WHAT IS BEING ASKED: An exact restatement of the entire listing is needed, excluding all images.

TASK MATERIAL:
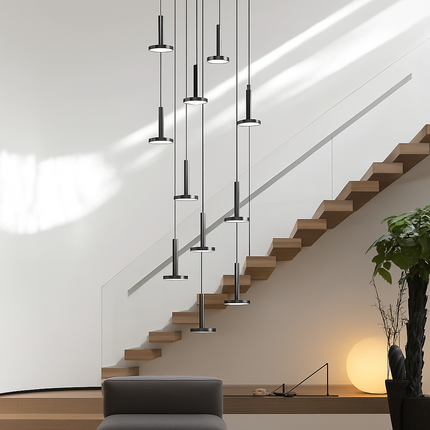 Lustre LED moderne pour escalier et cafés de luxe — LZ7FQ2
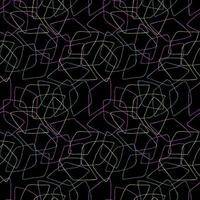 Abstract geometric pattern with doodle multicolored rhombuses on dark black background. vector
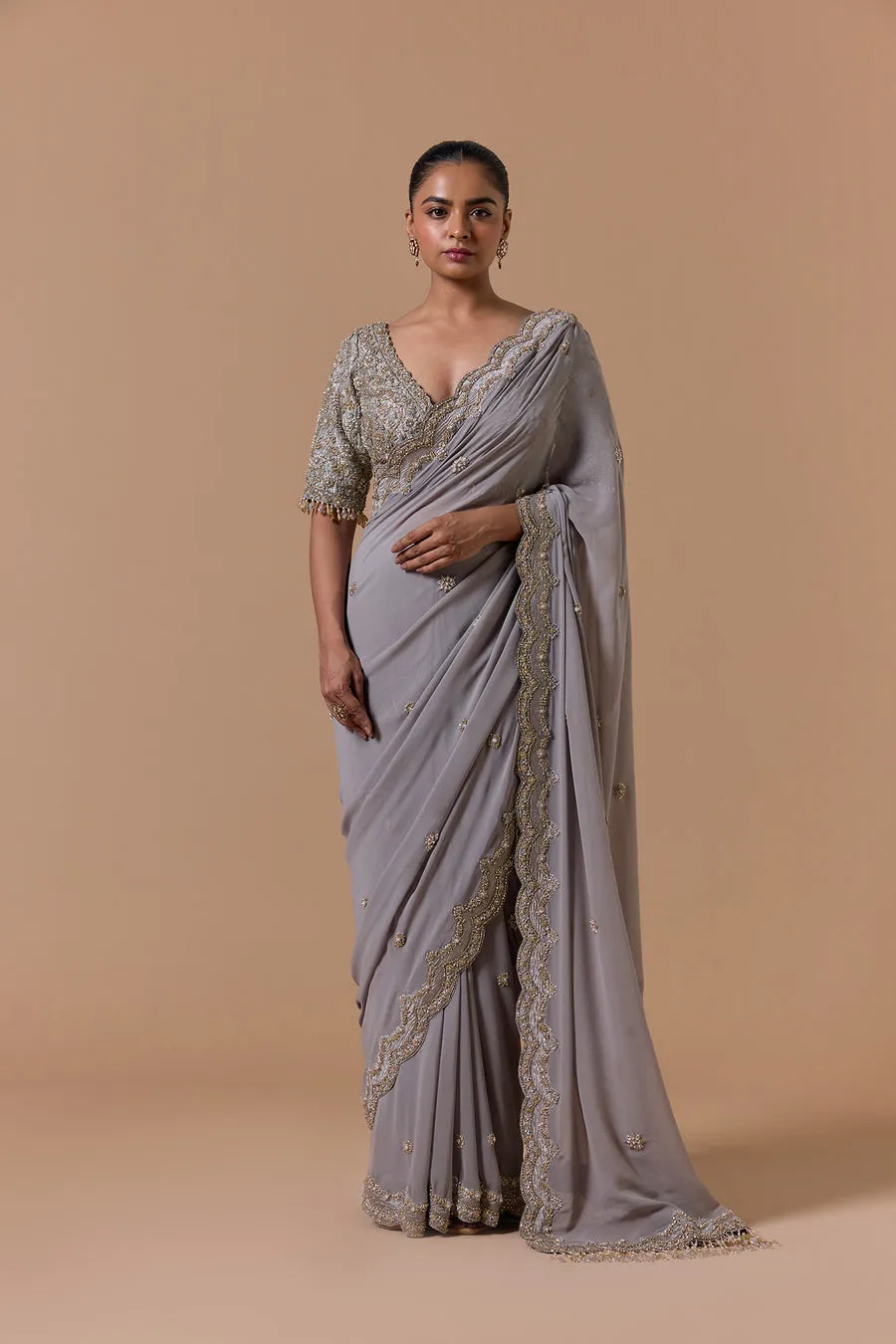Grey Embellished Scallop Border Sari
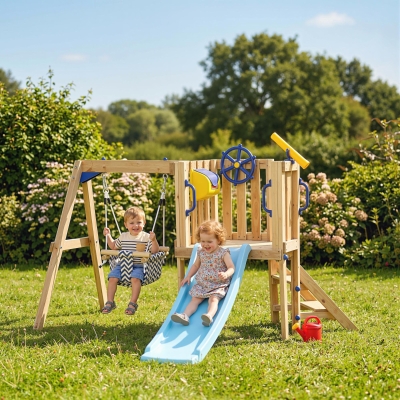 Outsunny Wooden Kids Swing Set with Slide, Swing Seat, Captain's Wheel, Telescope, for Ages 18-48 Months, Natural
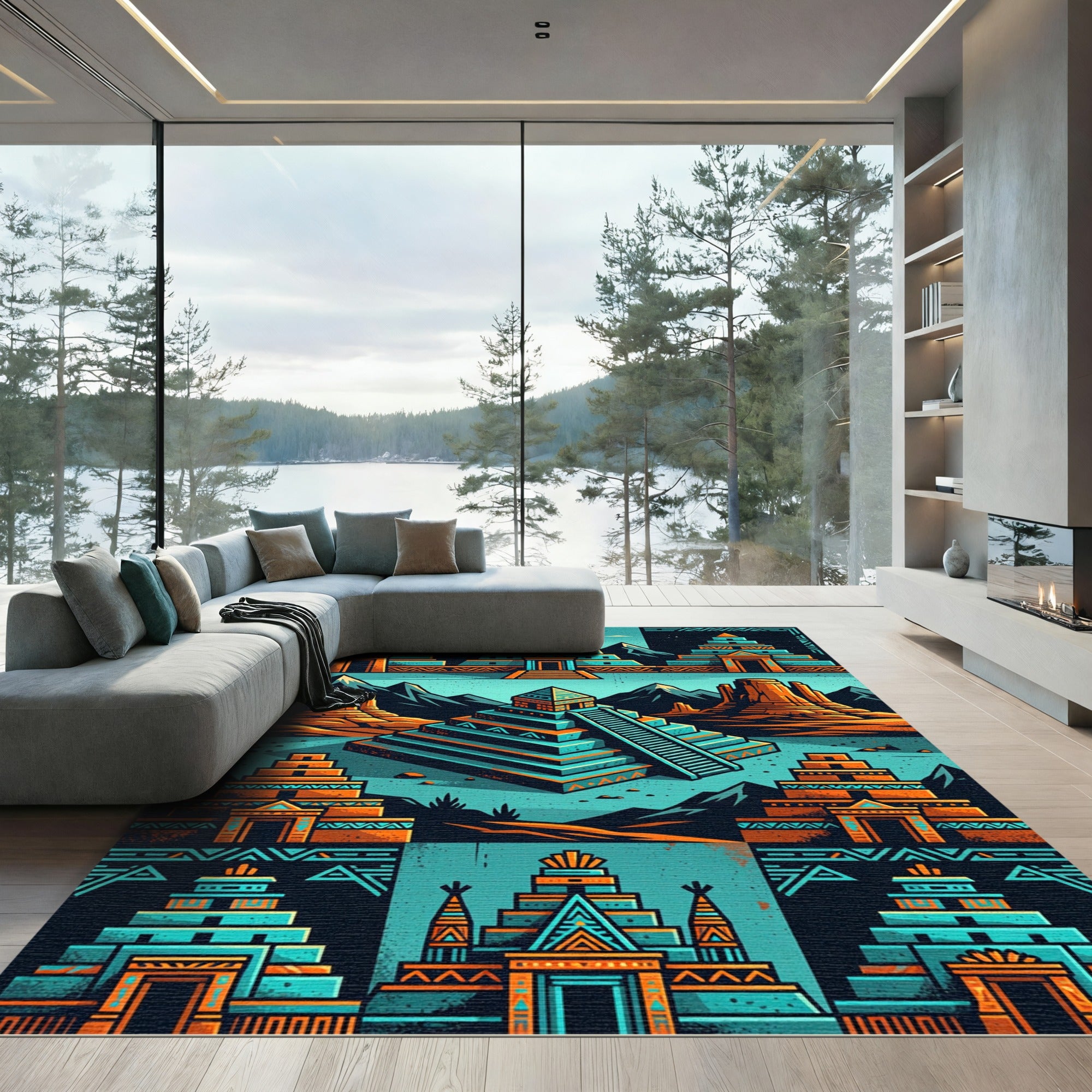 Turquoise Orange Ancient Pyramid Collage Rug
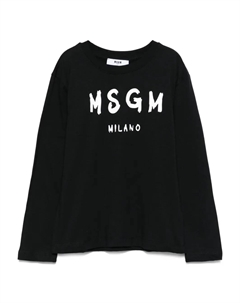 Топ milano с длинными рукавами и логотипом, черный Msgm kids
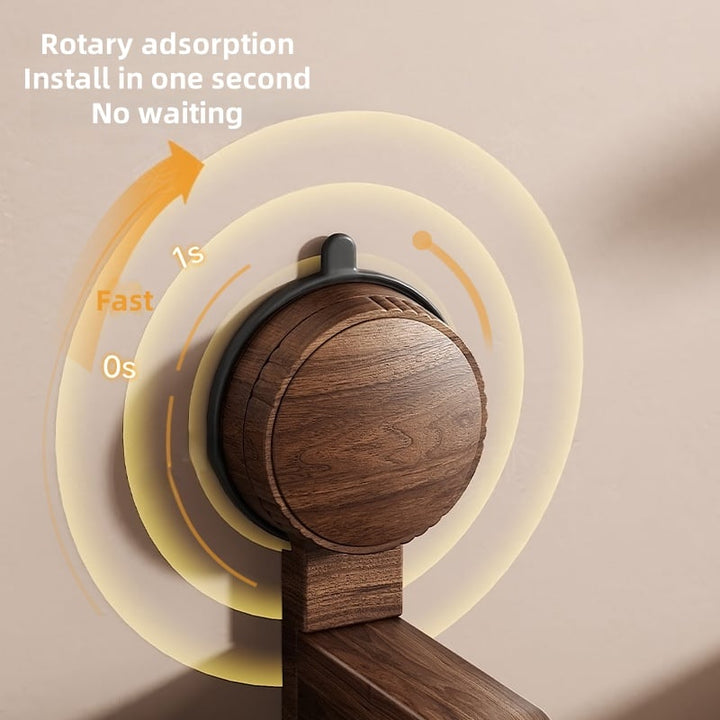 Walnut Wood Toilet Paper Holder – Hole-free with Suction Cup | Bowlift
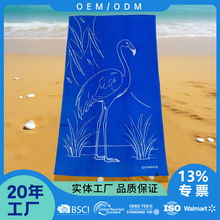沙滩巾全棉割绒活性数码印花logo图案速干毛巾柔软游泳运动大浴巾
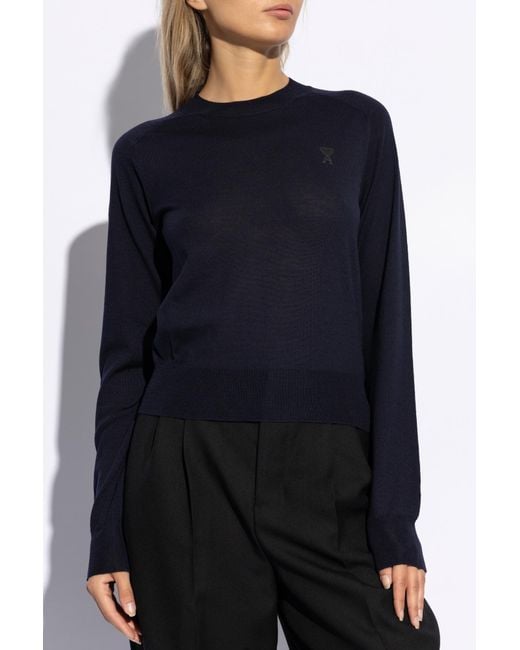 AMI Blue Ami Logo Embroidered Knitted Jumper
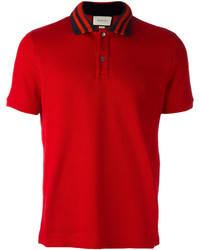 Мужская красная футболка-поло в горизонтальную полоску от Gucci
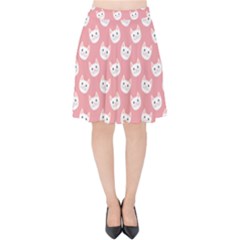 Cute Cat Faces White And Pink Velvet High Waist Skirt by SpinnyChairDesigns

ANSWER SECTION:
 Lustre LED moderne pour escalier et cafés de luxe — LZ7FQ2
 Abstract geometric pattern with doodle multicolored rhombuses on dark black background. vector
Grey Embellished Scallop Border Sari
 Outsunny Wooden Kids Swing Set with Slide, Swing Seat, Captain's Wheel, Telescope, for Ages 18-48 Months, Natural
 Turquoise Orange Ancient Pyramid Collage Rug
 Топ milano с длинными рукавами и логотипом, черный Msgm kids
 Walnut Wood Toilet Paper Holder – Hole-free with Suction Cup | Bowlift
沙滩巾全棉割绒活性数码印花logo图案速干毛巾柔软游泳运动大浴巾
 AMI Blue Ami Logo Embroidered Knitted Jumper
 Мужская красная футболка-поло в горизонтальную полоску от Gucci
 Cute Cat Faces White And Pink Velvet High Waist Skirt by SpinnyChairDesigns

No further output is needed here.